After Yorktown, the Continental Army went home. By the spring of 1783 most of the regiments had been mustered out, and on December 23 of that year Washington formally surrendered his commission to Congress at Annapolis. But the new United States still had a frontier to police — the Ohio Country, the Northwest Territory, the western posts the British had agreed to vacate but were slow to leave — and Congress recognized within a year that a standing infantry force of some kind was unavoidable. In June 1784, Congress authorized the First American Regiment, the founding unit of what became the U.S. Army's continuous lineage. The 1779-87 period covered by this figure spans the last Continental Line years and the earliest years of that successor regiment, when the same men, the same blue coats with red facings, and the same Charleville muskets carried over from one army into the next.
This figure shows the soldier in the standing firing position — left foot forward, weapon shouldered, taking the shot.
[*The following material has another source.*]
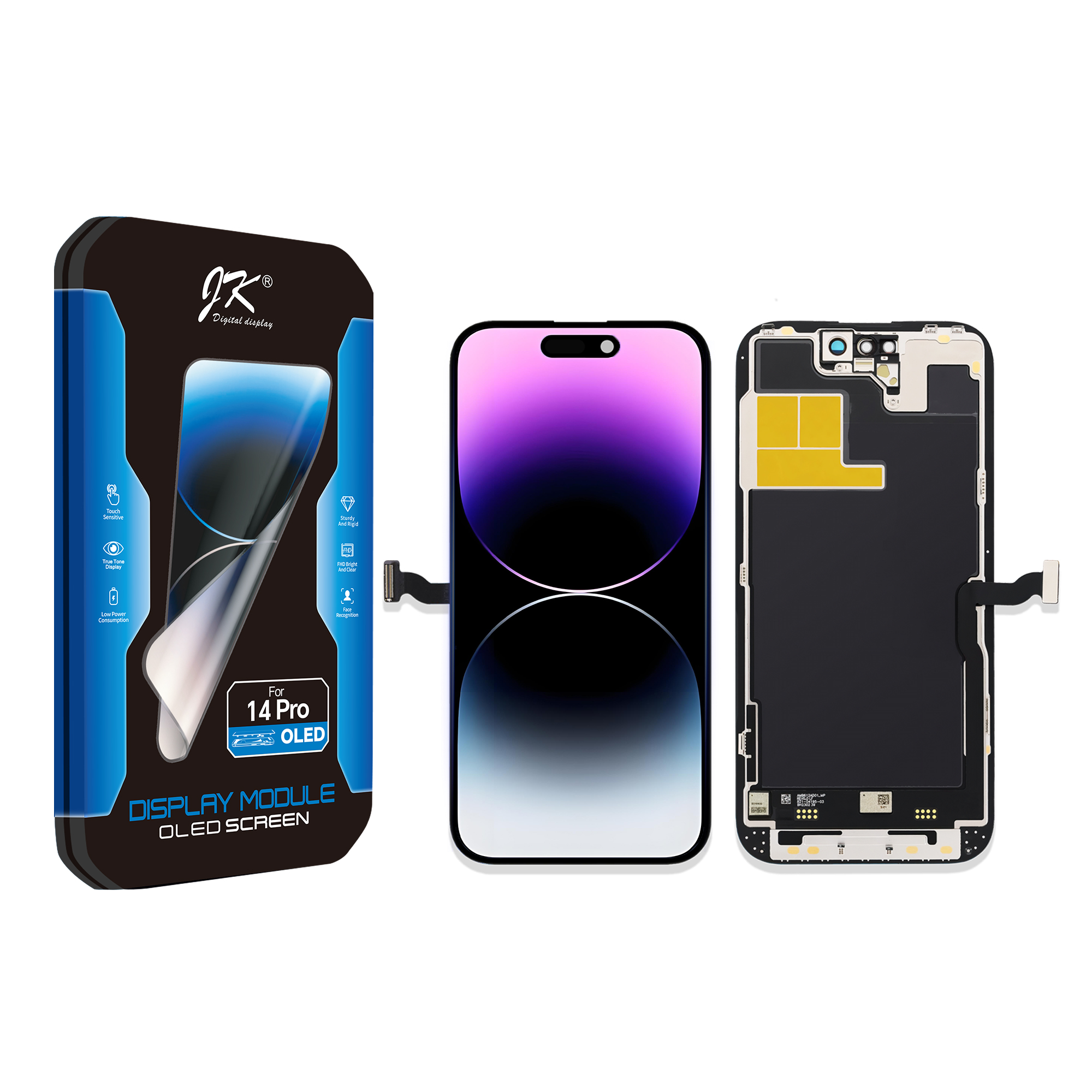 【JK社製】14Pro リペア用 HARD OLED 有機EL（サードパーティ製品）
He wears the post-1779 Continental Line dress that carried over into the early peacetime army: blue coat with red facings, cuffs and lapels, white waistcoat, buff breeches, the tricorne worn brim-up. The Charleville musket — the standard French smoothbore that armed most of the Continental Line — is rendered in detail down to the bayonet socket and the sling. He pairs with the other Continental Line figures Breagans carries — the kneeling firing soldier, the regimental NCO, and the ensign with the regimental flag — for a complete fire-line composition with leadership and colors.
1/30 scale (60mm), matte-painted, single figure boxed. Catalog number 16020. As with the rest of the W. Britain modern range, the painting is photographic-quality detail intended to read well in dioramas and display cases.